The understanding step is usually called encoding and the synthesis step decoding but if the parameters are obtained directly from a sound, the process may be also termed as analysis/synthesis. If we want to communicate the sound description over a channel we need an encoder and a decoder, both with a priori knowledge of the model being used. But it is impossible to devise an encoding method that always gives the optimal coding of any input sound. In other words, not a single model can fit all kinds of input signals. For this reason we may sum up different specialized models and add some extra bits to the stream in order to indicate what model is being chosen.

Parametric encoding has been used extensively in speech transmission, where a general model of the input signal has existed for a long time. Most commonly used parametric models for speech are simple variations of the classical Linear Predictive Coding (LPC) scheme[Makhoul, 1975], which somehow exploits the knowledge of the vocal production mechanism.

Parametric coding for non-speech signals is much more complex to implement as not many assumptions can be made about the source characteristics or its production mechanisms. MPEG-4 standardized different parametric encoding schemes although the one recommended for non-speech or musical signals is the HILN or Harmonic and Individual Lines plus Noise (see [Purnhagen and Meine, 2000]). This parametric scheme is as a matter of fact a variation of the SMS or Spectral Modelling Synthesis technique (see further explanation in annex B).

The Object-Oriented Content Transmission metamodel represents a step beyond parametric encoding. The basic scheme is the same: the sound is analyzed, some parameters are extracted, transmitted and then synthesized back at the receiver.

But the main difference is on the kind of parametric model used in each case. In traditional parametric encoding, the model makes assumptions about the low-level features of the signal. For instance, the input signal may be supposed to be harmonic and therefore modeled as a set of time varying sinusoids (see Annex B for a more in depth explanation of one of these models).

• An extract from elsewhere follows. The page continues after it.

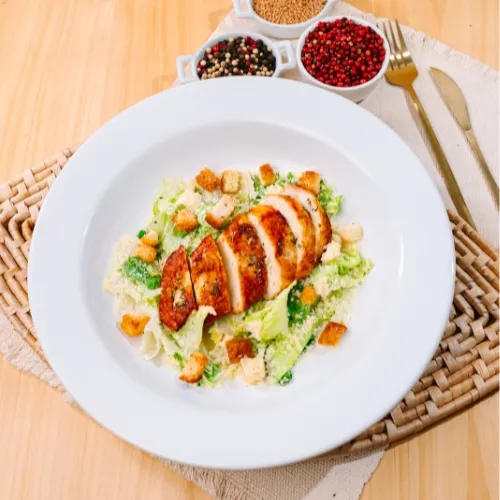 CAESAR SALAD COM FRANGO GRELHADO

In the Object-Oriented Content Transmission Metamodel we make assumptions about the semantics of the input data and the way it is organized in the real world. We may, for instance, assume that the input signal will be monophonic musical phrases and then apply a model in which a musical phrase is modelled as a sequence of notes.

The OOCTM encodes data as Sound Objects. This is, as already mentioned in the previous section, a particular case of Parametric encoding. Parameters extracted from the signal become attributes of concrete objects. In that sense, all parameters have a particular meaning and contribute to the content description. The final encoded signal also has a clear structure, given by the resulting object-oriented model.

In that sense, the result of an OOCTM encoding is generally understandable while a Parametric encoding is usually not.

Finally, in a Parametric encoding scheme the synthesis capabilities of the receiver are very much limited to a simple signal model. In the OOCTM scheme the synthesizer is able to not only apply different models but also to infer or abstract a sound from an incomplete description (see 5.2.2).

2004-10-18